As to street and sidewalk construction in the area of the stadium, the primary responsibility for funding these improvements is the city's. In some cases, the city may be able to require developers to build the sidewalks in cases where the city controls the original disposition of the land. But in instances where the land was private from the start, the city is likely to be on the hook. Moreover, within the Anacostia Waterfront Corporation's footprint, which includes the area around the planned stadium site, the local ordinance that set up the AWC requires the Corporation to self-finance all street and sidewalk construction. Thus, the AWC has to look to profits it makes from the sale of land to cover street and sidewalk work. I can't recall completely but sewer line work may also be on AWC's tab.
The rest of your analysis is sound. Essentially, the core stadium project is to be funded by the owners (through the lease payment), taxes on those who use the stadium (taxes on tickets, concessions and parking), a gross receipts tax on large businesses, and a utility tax (which gets some federal money into the deal since federal facilities in the District pay the utility tax).

dcbubble.blogspot said...

Hold on DC Bubble still maintains the stadium cost is over inflated by $110M.

DC is negotiating to use a WMATA discretionary fund to pay for the Metro improvements.

Furthermore the need for a mark within the stadium footprint will be diminished by the proposal to develop some of this land.
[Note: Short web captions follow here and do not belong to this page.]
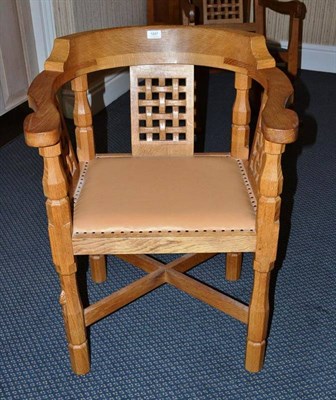 Lot 1247 - A Robert  "Mouseman " Thompson Oak Monk's Chair, with curved back and shaped arms, over three...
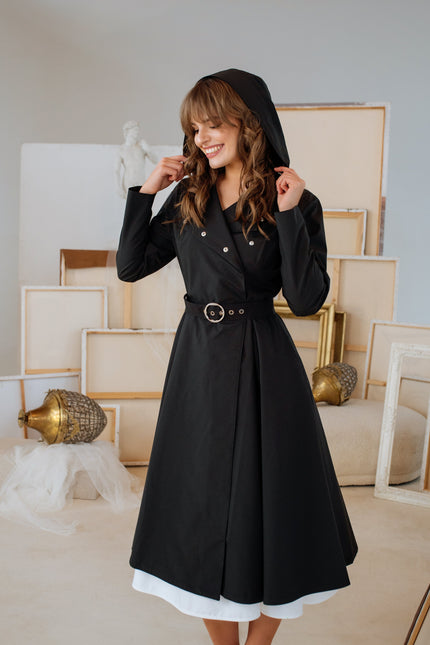 A woman smiling and posing in a double-breasted black trench coat with a hood and a black ruffle belt with silver-tone hardware.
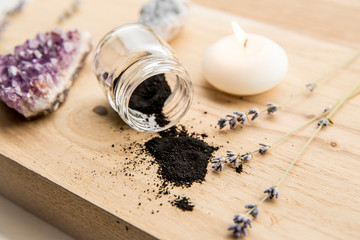 Raw activated charcoal powder in beauty products concept. Lot of copy space. Spa candle burning.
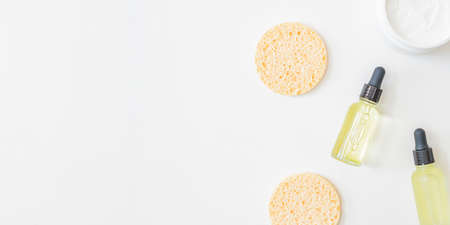 Flat lay composition with cosmetics on a light background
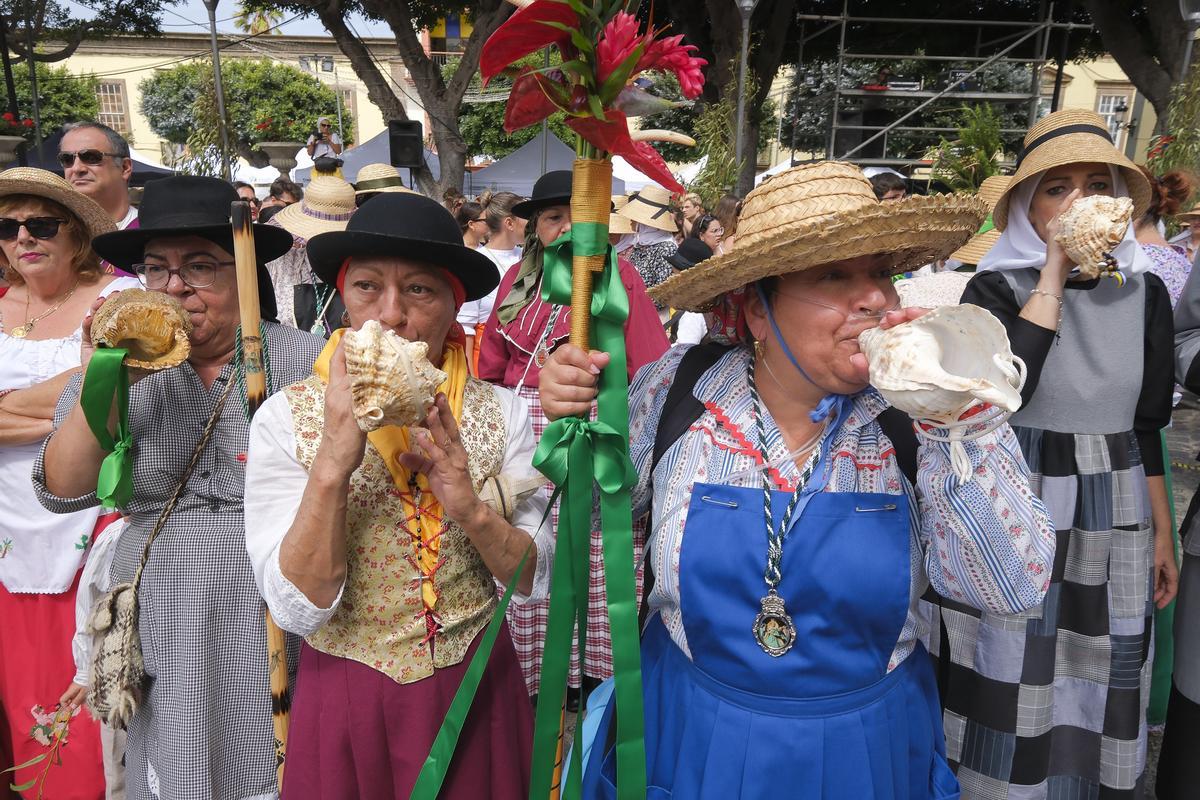 Un grupo de mujeres recibe a la imagen religiosa haciendo sonar sus bucios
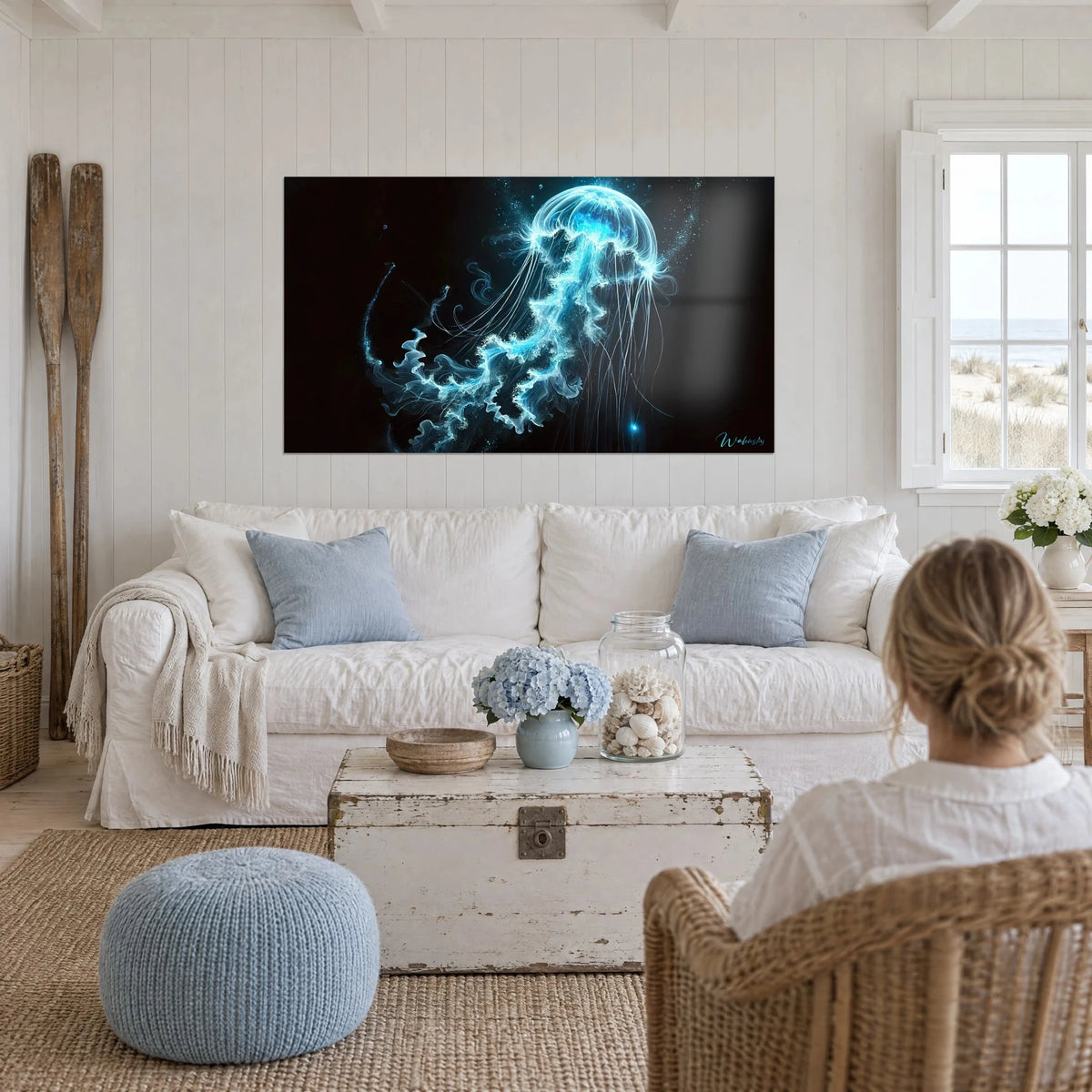 Gemälde einer leuchtenden Qualle mit cyanfarbenen Fäden auf schwarzem Grund, eine Frau von hinten, über einem Sofa in einem hellen Wohnzimmer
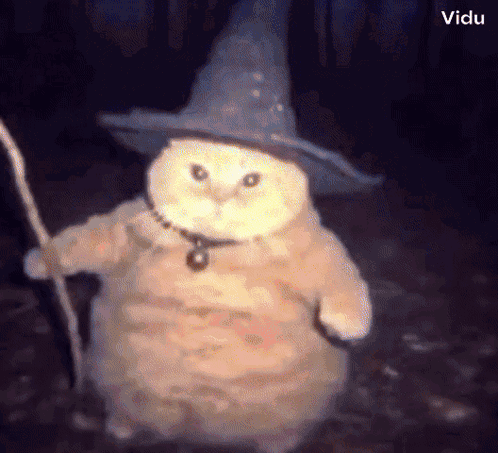 An Owl Wearing A Wizard Hat And Holding A Staff GIF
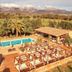 Agroturismo Es Quatre Cantons in Binissalem with outdoor pool, sun loungers, and mountain views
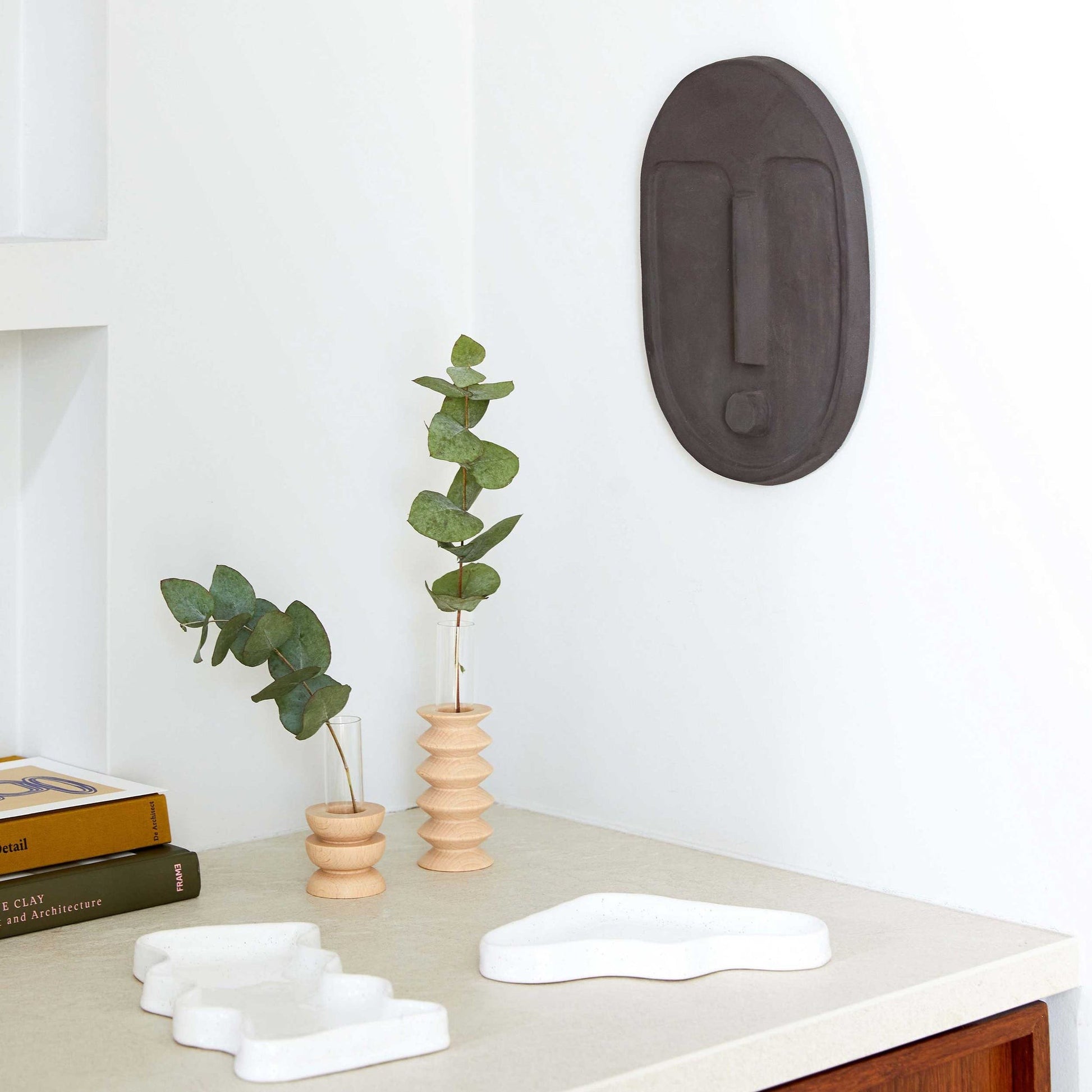 playful short totem vase with a bright bouquet on a sunny windowsill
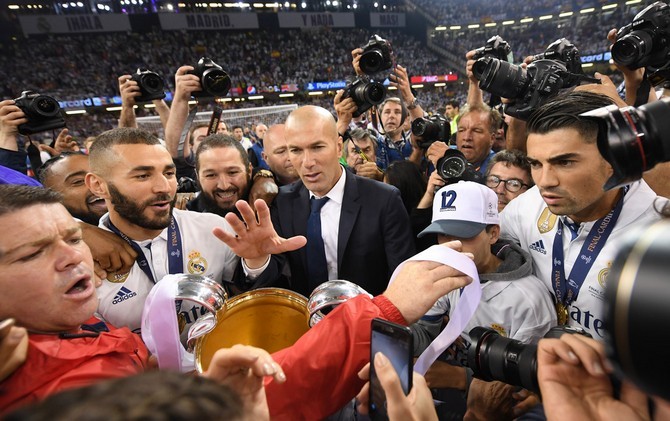 Kata-kata yang dilantunkan Zinedine Zidane saat jeda pertandingan membangkitkan motivasi pemain Real Madrid. - Image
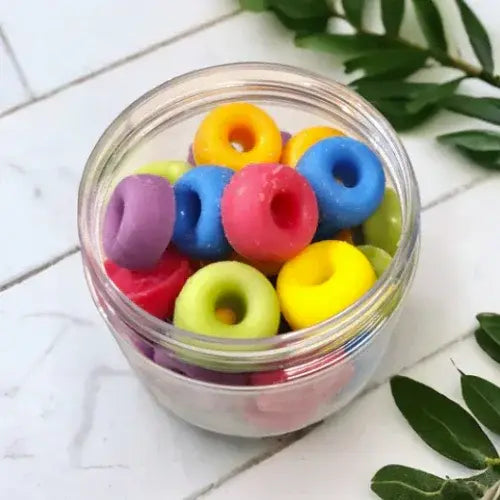 Jar filled with colorful rubber bands on a white surface with green leaves.
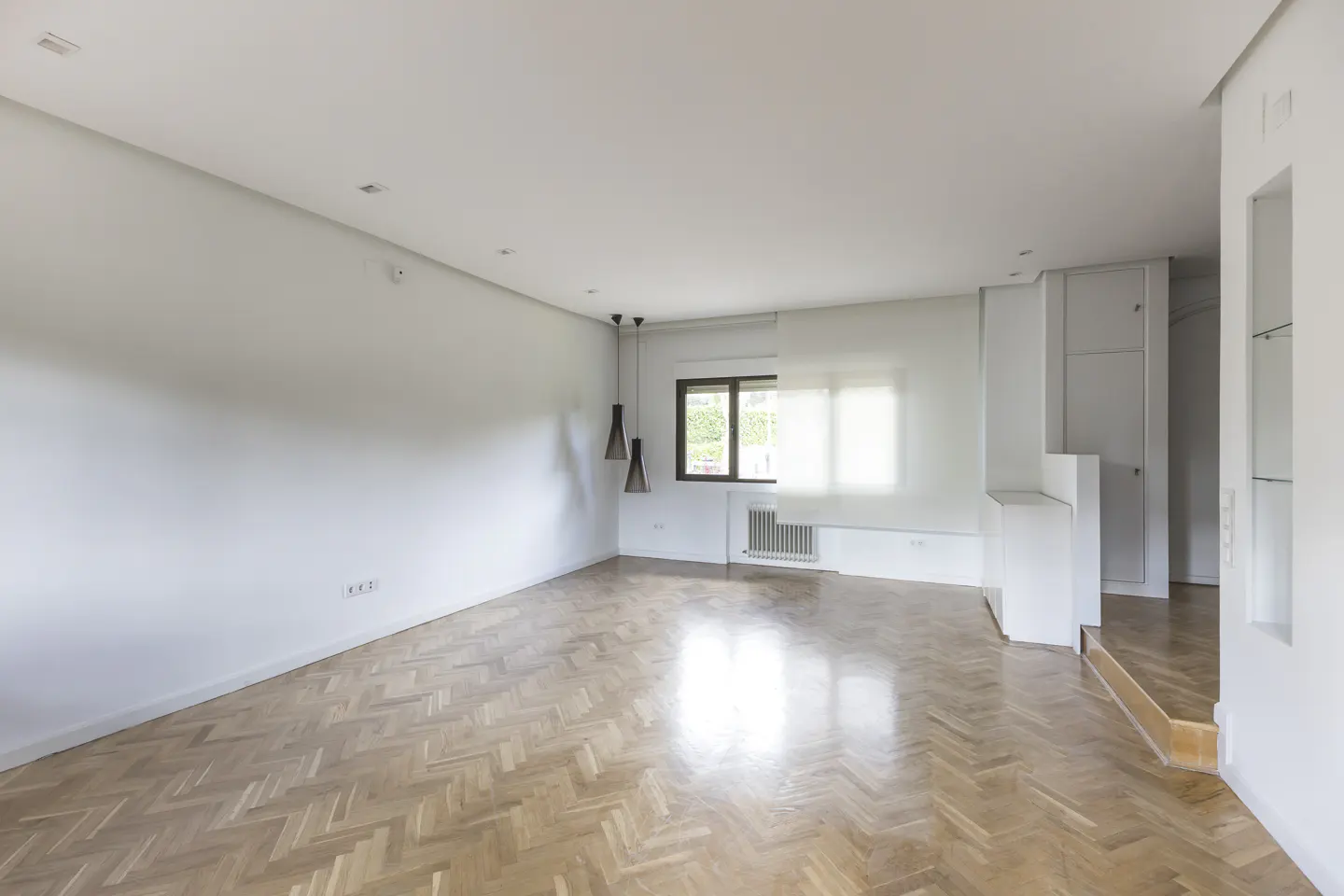 Bright, empty room with herringbone wood floors, white walls, and a window with sheer curtains. Three pendant lights hang from the ceiling.
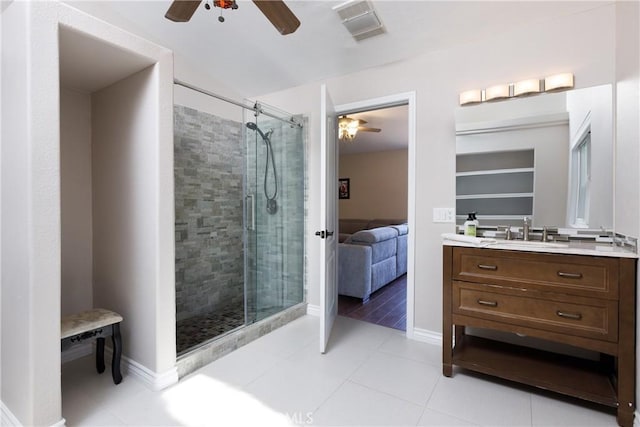 bathroom with ceiling fan, tile patterned floors, vanity, and walk in shower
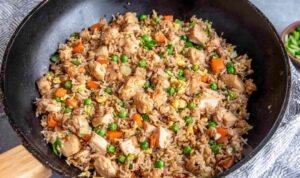 Chicken fried rice with tender chicken breast, scrambled eggs, peas and carrots cooking in a large skillet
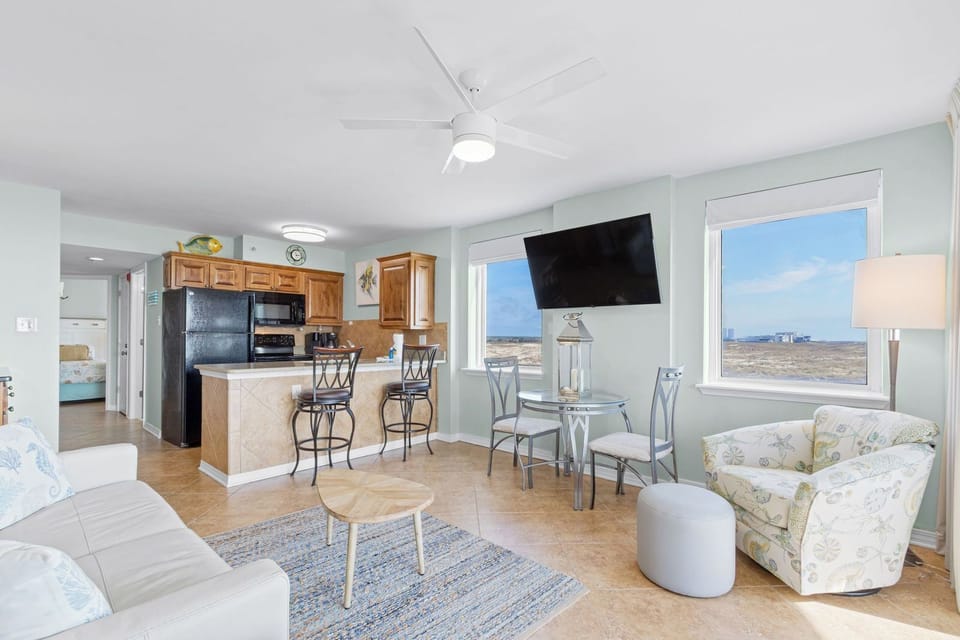 Living Room and kitchen with beautiful views of the State Park.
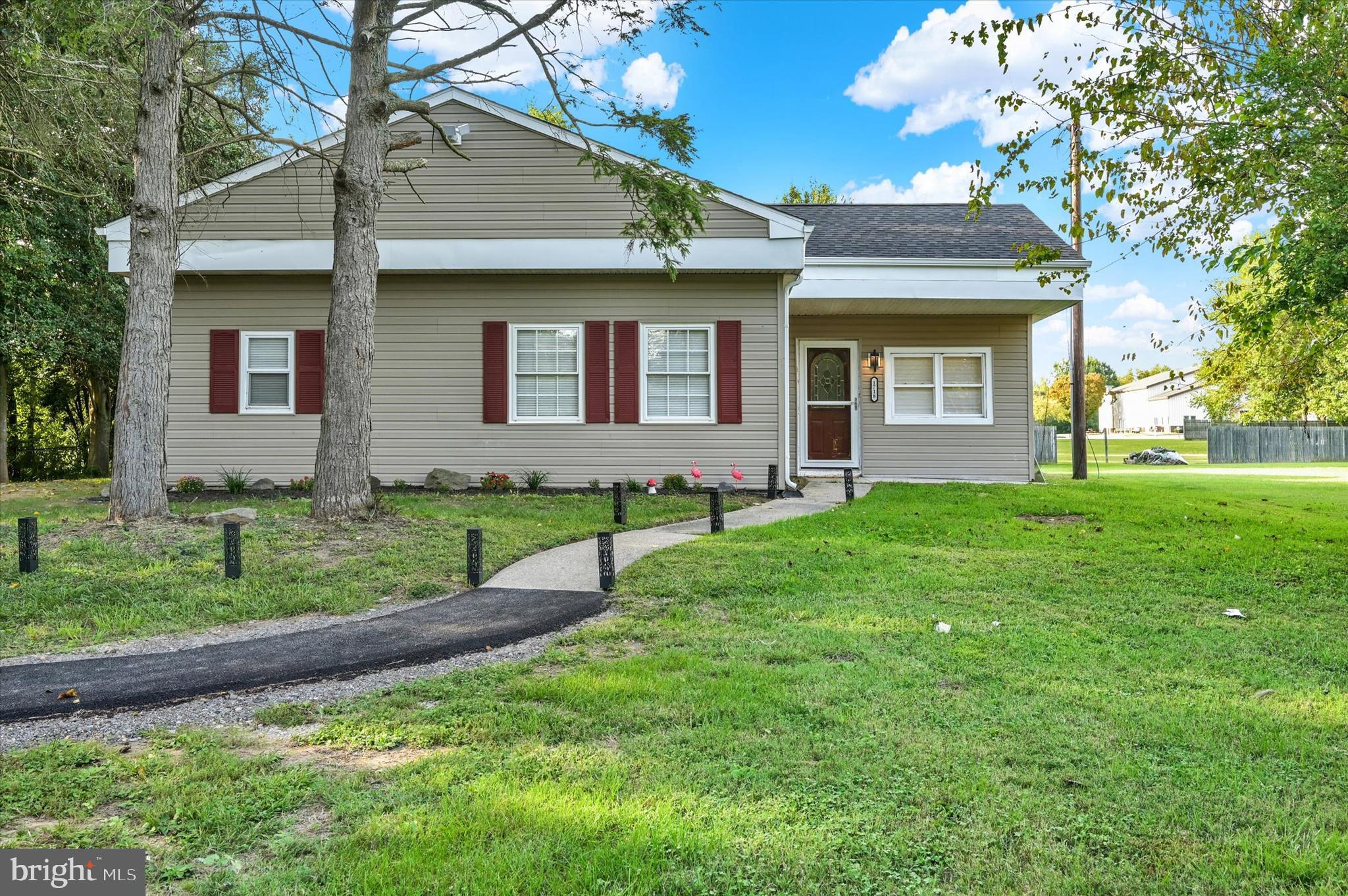 a brick house next to a yard with a large tree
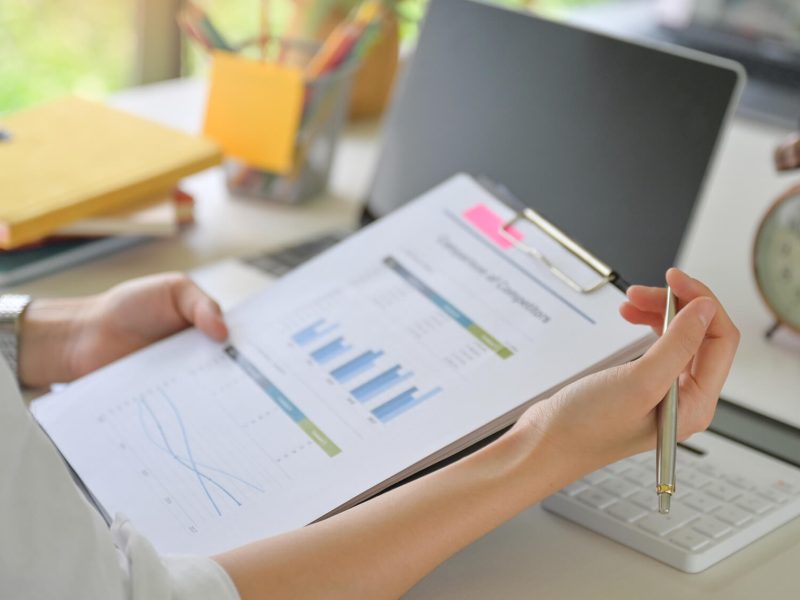 close-up-shot-of-executives-are-checking-the-compa-J6D8ZBJ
DC Bubble continues to maintain that developers ultimately will flip the bill for the parks.

Anonymous said...

You have a great website here, and I'm going to tell all my friends about it.

Anonymous said...

I just find it sad that businesses in DC are willing to be taxed to have a baseball stadium for a privately owned and operated team and are not willing to be taxed to provide money for schools or other public projects. I wish the same business owners would be willing to get taxed the same amount to fund the combined sewage fix and clean up the water in Rock Creek, the Potomac River and in the Anacostia River. That project would have a much bigger and broader impact on the community and vastly improve the lives of many DC residents and people from MD and VA. Plus, once the sewage is no longer going into the Anacostia River fans attending the games would not have to put up with the smell of sewage wafting over the crowds in the stadium.

Anonymous said...

I think the city should make the lease deal contingent on MLB selling the team to the city. That is the only way that the city can guarantee a return on investment. And it would also guarantee that the team would stay here in DC for the long term.